Отец с трудом отрывал нас от этого упоительного зрелища. Уходили мы с катка, как все, через ворота двора, где толклись ливрейные лакеи. Весь переулок был заставлен парными санями катающихся счастливцев.
Когда лет через десять нам разрешили кататься на коньках, о чем я столько мечтала, каток Фомина, как и его садоводство, уже не существовал. На месте оранжереи и сада с прудом выстроились многоэтажные дома. Рядом воздвигался из кирпича театр Корша{8}. Мы катались на Петровке в саду при доме с таинственным названием Лазарика{9}. Там пруд был больше и красивее, с островком посреди, публика тоже была нарядная, играл военный оркестр. С нами, взрослыми, катались и дети. Но все это было совсем не то, что у Фомина. Было весело, красиво, но обыкновенно. Не было того волшебного очарования, о котором я грезила в детстве во сне и наяву.

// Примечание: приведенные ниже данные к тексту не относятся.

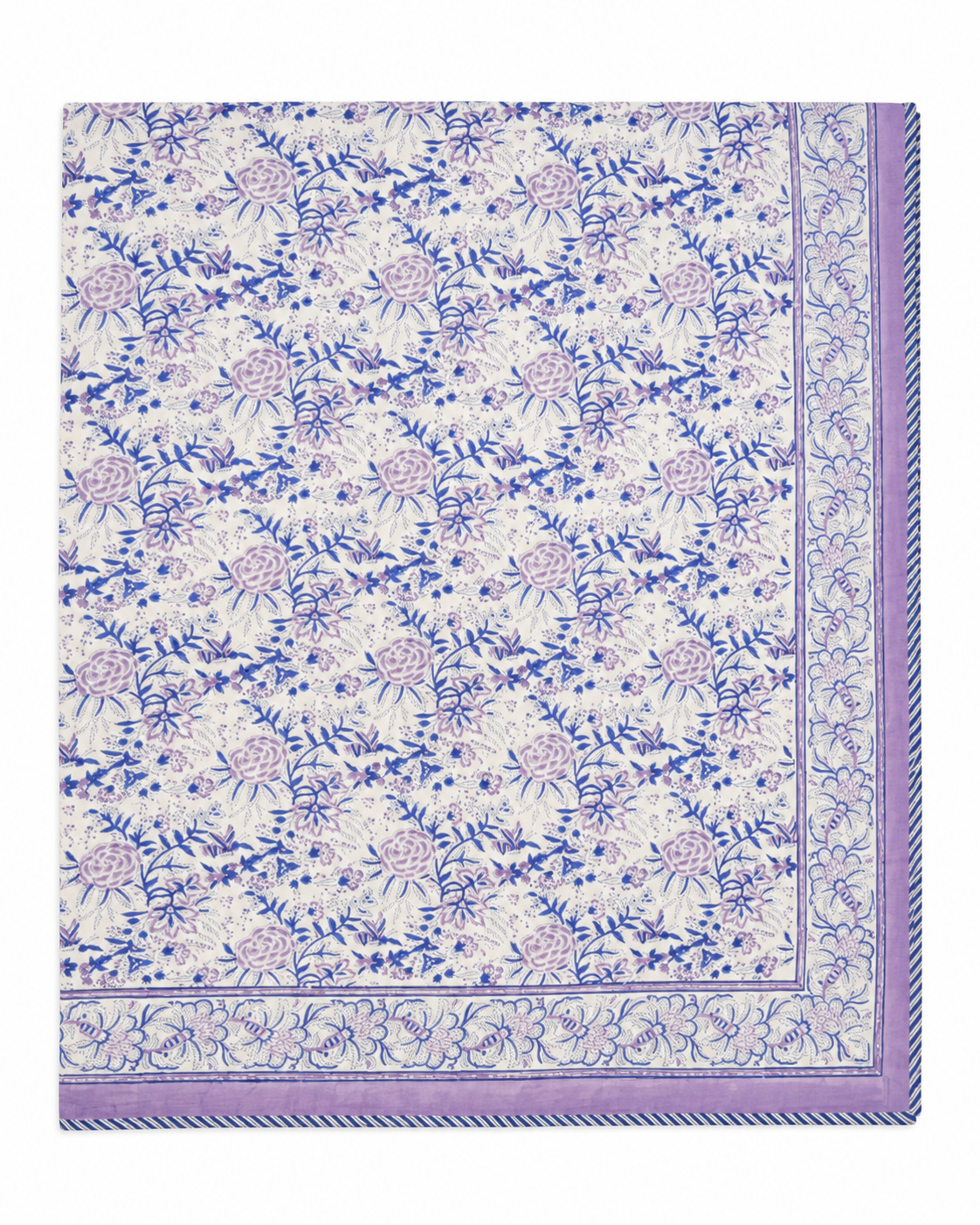 Purple floral hand block print dohar (Double)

Возвращаясь с прогулки, мы почти всегда заходили в наш магазин. Там первым делом мы направлялись за прилавок к старшим приказчикам, подавали им руку, здоровались с ними, называя по имени-отчеству, как учила нас мать. Затем отец уходил к себе в кабинет, а мы в сопровождении одного из приказчиков ходили из отделения в отделение. Нам показывали вновь открывшееся отделение сыров, где хозяйничал швейцарец в белом фартуке и белом колпачке, он давал нам объяснения по-немецки. Самым скучным было винное отделение. На полках чинно лежали образцы разных вин в бутылках, завернутых в красную, синюю и желтую тонкую бумагу. Все иностранные вина — французские, итальянские, испанские с этикетками от Леве, Депре. Русских вин тогда не было. Покупателей два-три человека. Продавец записывал их заказы: сколько бутылок какого вина кому послать. Отсюда вниз винтовая крутая лестница вела в полутемный подвал, а оттуда вы прямо попадали во фруктовое отделение. Это было волшебное царство. Оно было залито ярким светом. С потолка спускались стеклянные гроздья зеленого и желтого винограда. На верхних полках лежали стеклянные ананасы, дыни, персики, груши, освещенные изнутри газом, вероятно. Все это горело, сверкало, переливалось. Нам, детям, это казалось сказочным. А настоящие фрукты: апельсины, дыни, гранаты, яблоки всех сортов, красиво разложенные в плетеных корзинах, — не привлекали нас. Мы ели эти груши дюшес, яблоки кальвиль каждый день обязательно, нам приносили брак, то есть фрукты помятые, с пятнами, в большой корзине, и мы могли есть их сколько хотели между завтраком и обедом. Поэтому они не прельщали нас. Мы никогда не брали их с собой, когда нам давали коробочки, в которые мы могли класть все, что выбирали в магазине. Шоколадом мы тоже не дорожили, так как по воскресеньям нам давали каждому по плитке его. Я брала всегда что-нибудь экзотическое: финики из Туниса, кисть изюма на ярко-желтой ленточке из Малаги или кокосовый орех. Дома я его с братьями пилила, сверлила, но ни разу, помнится, мы не получали молока, которым питался Робинзон Крузо.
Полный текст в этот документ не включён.